Sciple: Yeah, but still to remember, you know, these things have happened in the past, we talked about SARS, we recovered just fine. I think things will be fine over the long-term, but keep in mind that you think long-term. And take care of yourself, wash your hands, do everything you can to keep yourself healthy and that'll be good for everybody.

As we said, we got a great show planned for you today. We'll be diving into the defense industry, we got a tweet from one of our listeners, DJ Joey Hayes asking us to dive into this, so that's what we're going to do.

You know, if anybody else at home has any other show topics want us to dive into, don't hesitate to tweet us. Shoot us an email at [email protected] and we'll be happy to dive into that.

On the back half of the show, we will be diving into Leidos, which is the largest IT business in the defense industry. But first, the big news right now is the latest defense budget. Before we dive into the budget itself, Lou, how does this budgeting process actually work?

Whiteman: Yeah, it's important for investors interested in defense to kind of get a primer on the process. What we saw a couple of weeks ago, this is the Pentagon has submitted their annual budget request to Congress, this is not the final document, this is the first step in the negotiations. The Congress has the power of the purse. We're now going to start a period where there's going to be a lot of hearings, a lot of back-and-forth where Congress will eventually, hopefully by early fall, come up with a budget and allocate funds.

This is an important part of the process, because it gives us, kind of, insight into what the military planners are thinking, what they're prioritizing. It is important to look at, but at the same time, this is not a final spending document and you shouldn't necessarily trade off of any request you see on this. So, it's important to keep that in mind. This is a long drawn out process.

Sciple: And, Lou, one question I have when I'm thinking about the budgeting process and how the major defense contractors play into it. To what extent are there kind of governmental relations efforts on the part of these contractors to influence the budget to benefit their business?

Whiteman: Very much so. And you especially see it on the congressional side. This is why all these contractors have operations in 50 states. A lot of times the gamesmanship you'll see right now is, the Pentagon will actually, to try and get more bang for the buck, so to speak, they will lessen their request for popular programs, say the F-35, knowing full well that Congress people will be under pressure from the contractors to make sure that that goes up and, hopefully, it won't come at a cost to something else, so just raise the overall budget.

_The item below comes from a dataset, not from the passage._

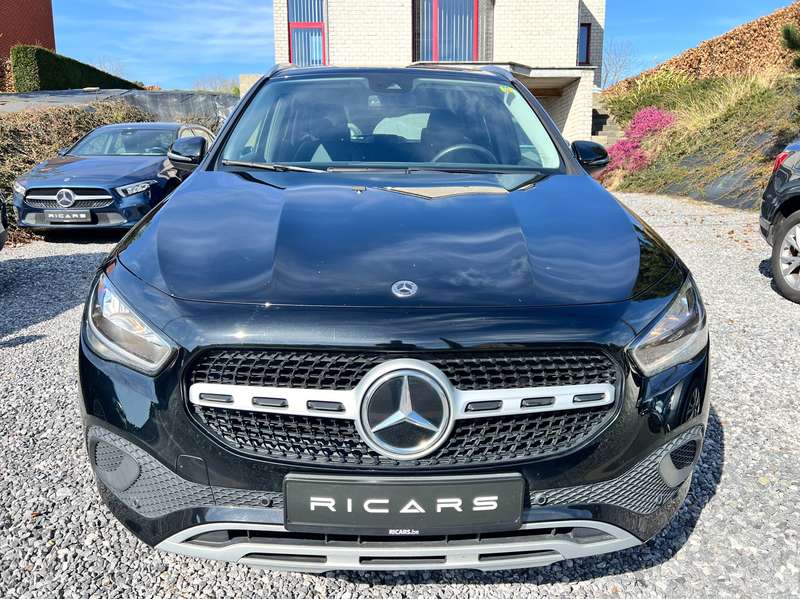 Mercedes-Benz GLA 180 2.0d Camera Carplay GPS Carnet Airco Garantie 1 AN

So, yes, especially on the congressional side, the lobbying comes in. And, yeah, this is how the sausage is made.

Sciple: Yeah, this is an important part of these businesses when their No. 1 contractor, customer is the U.S. government. And when we go into the budget itself, Lou, what really stands out to you in this budget proposal?

Whiteman: So, we're going to talk about three things today. First of all, we've talked about this on the show before, but the nukes. The nuclear triad is a huge Pentagon priority. Refreshing 1960s Cold War combination of bombers, submarines, and missiles. They're due for an upgrade. It is a very expensive process; $400 billion or higher over a 10-year period. We're not going to do it all in one year, but that was a big priority in this budget. $45 billion in total spending for nukes, spread across $4 billion for a new ballistic submarine, that's a General Dynamics program. We have almost $3 billion for the B-21 bomber, which is Northrop Grumman. And then another $1.5 billion to replace the intercontinental ballistic missile; which is still up for bid but is likely to be a Northrop program.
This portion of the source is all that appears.